Please can anyone just explain the reason of this error and how to avoid it:

Error while reserving job: PG::ConnectionBad: PQconsumeInput() server closed the connection unexpectedly

Update:

I believe this issue is not related to delayed jobs, since I'm getting same error while I'm doing some normal DB queries.
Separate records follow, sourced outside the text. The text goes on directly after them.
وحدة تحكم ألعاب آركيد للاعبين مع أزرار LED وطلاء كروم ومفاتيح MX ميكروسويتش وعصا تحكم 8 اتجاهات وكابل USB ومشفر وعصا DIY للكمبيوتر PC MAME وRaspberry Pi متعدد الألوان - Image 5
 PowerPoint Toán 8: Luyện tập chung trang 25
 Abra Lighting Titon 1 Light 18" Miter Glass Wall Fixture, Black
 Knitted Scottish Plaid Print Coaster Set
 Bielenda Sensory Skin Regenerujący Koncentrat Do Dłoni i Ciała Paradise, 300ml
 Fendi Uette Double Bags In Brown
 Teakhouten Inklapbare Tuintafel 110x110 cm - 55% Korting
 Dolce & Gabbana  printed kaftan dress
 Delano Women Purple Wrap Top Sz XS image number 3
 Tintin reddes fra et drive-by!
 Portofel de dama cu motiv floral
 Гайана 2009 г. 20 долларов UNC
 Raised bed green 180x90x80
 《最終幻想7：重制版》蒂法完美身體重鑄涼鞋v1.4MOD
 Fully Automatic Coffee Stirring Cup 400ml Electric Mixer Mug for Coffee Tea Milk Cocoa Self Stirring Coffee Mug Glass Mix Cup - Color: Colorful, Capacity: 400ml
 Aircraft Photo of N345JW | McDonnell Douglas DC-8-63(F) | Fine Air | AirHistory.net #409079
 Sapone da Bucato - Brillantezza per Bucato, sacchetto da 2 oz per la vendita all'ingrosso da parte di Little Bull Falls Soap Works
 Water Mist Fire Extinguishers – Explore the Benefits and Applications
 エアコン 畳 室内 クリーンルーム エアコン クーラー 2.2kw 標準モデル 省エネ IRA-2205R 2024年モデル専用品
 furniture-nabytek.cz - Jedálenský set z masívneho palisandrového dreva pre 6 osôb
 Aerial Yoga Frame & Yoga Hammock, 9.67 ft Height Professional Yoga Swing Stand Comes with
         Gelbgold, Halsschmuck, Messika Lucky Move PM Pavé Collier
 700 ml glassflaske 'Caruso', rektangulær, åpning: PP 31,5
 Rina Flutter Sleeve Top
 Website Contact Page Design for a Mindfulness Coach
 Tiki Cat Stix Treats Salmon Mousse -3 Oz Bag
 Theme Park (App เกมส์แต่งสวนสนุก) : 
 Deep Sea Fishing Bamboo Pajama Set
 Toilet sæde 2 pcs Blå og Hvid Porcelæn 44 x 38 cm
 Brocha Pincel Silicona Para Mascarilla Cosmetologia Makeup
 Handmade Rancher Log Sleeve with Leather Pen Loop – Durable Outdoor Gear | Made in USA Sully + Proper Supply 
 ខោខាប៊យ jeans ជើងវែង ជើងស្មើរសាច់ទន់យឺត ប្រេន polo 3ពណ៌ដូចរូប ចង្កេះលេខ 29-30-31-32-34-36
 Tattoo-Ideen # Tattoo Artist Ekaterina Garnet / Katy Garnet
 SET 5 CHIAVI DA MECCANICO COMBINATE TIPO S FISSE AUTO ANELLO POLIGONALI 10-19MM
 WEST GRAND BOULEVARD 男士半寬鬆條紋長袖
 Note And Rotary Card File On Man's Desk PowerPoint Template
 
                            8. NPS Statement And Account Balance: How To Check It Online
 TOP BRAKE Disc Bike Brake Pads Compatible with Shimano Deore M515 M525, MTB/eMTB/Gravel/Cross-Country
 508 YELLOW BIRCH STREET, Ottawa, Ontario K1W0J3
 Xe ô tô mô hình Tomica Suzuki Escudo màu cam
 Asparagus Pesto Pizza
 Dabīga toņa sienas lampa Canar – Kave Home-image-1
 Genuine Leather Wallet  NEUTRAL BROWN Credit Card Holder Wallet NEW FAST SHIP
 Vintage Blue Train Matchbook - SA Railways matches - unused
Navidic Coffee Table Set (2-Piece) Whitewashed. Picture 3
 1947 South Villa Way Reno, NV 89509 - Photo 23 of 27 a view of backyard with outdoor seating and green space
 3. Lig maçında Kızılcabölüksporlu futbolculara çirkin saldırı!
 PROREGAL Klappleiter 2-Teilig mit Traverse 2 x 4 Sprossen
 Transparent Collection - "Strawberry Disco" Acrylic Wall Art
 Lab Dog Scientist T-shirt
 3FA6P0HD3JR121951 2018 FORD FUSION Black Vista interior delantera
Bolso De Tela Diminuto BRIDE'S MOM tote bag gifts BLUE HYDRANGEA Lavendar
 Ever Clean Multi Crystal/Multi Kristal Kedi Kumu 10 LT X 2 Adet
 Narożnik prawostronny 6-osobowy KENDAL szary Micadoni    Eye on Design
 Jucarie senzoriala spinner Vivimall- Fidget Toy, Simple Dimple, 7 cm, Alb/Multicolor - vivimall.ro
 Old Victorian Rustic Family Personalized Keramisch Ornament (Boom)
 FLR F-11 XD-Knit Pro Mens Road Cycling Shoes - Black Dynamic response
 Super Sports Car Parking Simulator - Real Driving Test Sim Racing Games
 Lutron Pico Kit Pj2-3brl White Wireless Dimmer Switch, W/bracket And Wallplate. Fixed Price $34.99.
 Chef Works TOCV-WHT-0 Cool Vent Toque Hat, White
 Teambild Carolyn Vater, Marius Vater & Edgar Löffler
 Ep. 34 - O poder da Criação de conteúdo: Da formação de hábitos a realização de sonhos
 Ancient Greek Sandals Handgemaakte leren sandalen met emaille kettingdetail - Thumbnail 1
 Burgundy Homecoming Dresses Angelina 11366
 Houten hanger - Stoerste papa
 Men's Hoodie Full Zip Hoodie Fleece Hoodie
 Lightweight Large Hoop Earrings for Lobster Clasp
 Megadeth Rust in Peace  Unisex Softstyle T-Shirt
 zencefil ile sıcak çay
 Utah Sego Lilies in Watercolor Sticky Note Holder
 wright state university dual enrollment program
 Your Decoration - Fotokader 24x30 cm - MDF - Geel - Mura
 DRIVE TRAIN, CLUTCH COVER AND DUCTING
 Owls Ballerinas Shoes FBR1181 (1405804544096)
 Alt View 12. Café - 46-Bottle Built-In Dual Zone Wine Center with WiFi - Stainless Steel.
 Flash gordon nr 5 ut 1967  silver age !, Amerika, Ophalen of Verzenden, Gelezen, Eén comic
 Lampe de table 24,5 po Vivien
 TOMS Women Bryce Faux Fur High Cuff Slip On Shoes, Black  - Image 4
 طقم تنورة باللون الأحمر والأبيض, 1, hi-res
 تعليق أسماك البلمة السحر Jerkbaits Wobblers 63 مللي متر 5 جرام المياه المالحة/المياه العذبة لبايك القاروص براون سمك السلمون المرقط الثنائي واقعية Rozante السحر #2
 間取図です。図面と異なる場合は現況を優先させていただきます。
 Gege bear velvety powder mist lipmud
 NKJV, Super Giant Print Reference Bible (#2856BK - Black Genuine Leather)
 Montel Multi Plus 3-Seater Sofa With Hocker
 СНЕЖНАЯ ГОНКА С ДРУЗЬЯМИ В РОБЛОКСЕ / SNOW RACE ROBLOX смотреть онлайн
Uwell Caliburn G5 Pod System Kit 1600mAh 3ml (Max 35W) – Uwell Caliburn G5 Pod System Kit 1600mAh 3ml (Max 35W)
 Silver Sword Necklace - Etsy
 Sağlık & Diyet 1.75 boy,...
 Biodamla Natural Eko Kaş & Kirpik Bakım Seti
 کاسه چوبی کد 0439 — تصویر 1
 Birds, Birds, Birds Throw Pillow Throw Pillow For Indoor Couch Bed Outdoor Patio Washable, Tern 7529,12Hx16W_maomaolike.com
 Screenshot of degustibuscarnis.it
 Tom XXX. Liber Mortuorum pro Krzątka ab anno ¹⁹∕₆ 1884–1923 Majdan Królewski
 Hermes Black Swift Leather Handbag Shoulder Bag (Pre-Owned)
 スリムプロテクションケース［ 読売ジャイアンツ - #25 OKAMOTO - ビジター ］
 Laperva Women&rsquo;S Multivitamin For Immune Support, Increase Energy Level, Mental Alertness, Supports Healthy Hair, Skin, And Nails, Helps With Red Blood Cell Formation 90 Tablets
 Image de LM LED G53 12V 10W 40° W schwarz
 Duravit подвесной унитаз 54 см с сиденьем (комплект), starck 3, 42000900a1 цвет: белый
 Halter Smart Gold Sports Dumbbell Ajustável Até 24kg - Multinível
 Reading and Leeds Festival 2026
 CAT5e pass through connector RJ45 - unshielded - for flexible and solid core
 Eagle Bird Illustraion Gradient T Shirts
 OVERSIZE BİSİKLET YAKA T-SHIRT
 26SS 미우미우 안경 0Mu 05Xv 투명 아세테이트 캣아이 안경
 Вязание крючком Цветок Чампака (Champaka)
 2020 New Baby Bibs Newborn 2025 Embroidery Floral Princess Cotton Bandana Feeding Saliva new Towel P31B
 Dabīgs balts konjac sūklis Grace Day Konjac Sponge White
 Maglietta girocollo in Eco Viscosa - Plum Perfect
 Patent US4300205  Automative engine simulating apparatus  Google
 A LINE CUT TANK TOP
So DB is restarting for some reason and this why delayed job service is stopping.

As per commented by @LaurenzAlbe , below are some issues found in /var/log/postgresql/postgresql-9.3-main.log:

LOG:  connection received: host=10.10.10.15 port=57322
LOG:  replication connection authorized: user=MyDBUser
FATAL:  must be superuser or replication role to start walsender
LOG:  could not receive data from client: Connection reset by peer
LOG:  disconnection: session time: 0:06:18.911 user=MyDBUser database=MyDB host=127.0.0.1 port=34040
./systemd: 36: kill: Operation not permitted
WARNING:  skipping "delayed_jobs" --- only table or database owner can analyze it

Solution

  • After some research, I believe delayed jobs have a memory leak issue, which is solved by using config.cache_classes = true because delayed jobs keeps reloading classes every now and then.

    I had the same issue where delayed job process used more than 90%+ of memory and it crashed with the same error, even though I had cached classes, but I was running delayed jobs without RAILS_ENV, which caused them to load in development and ignore the other environment settings.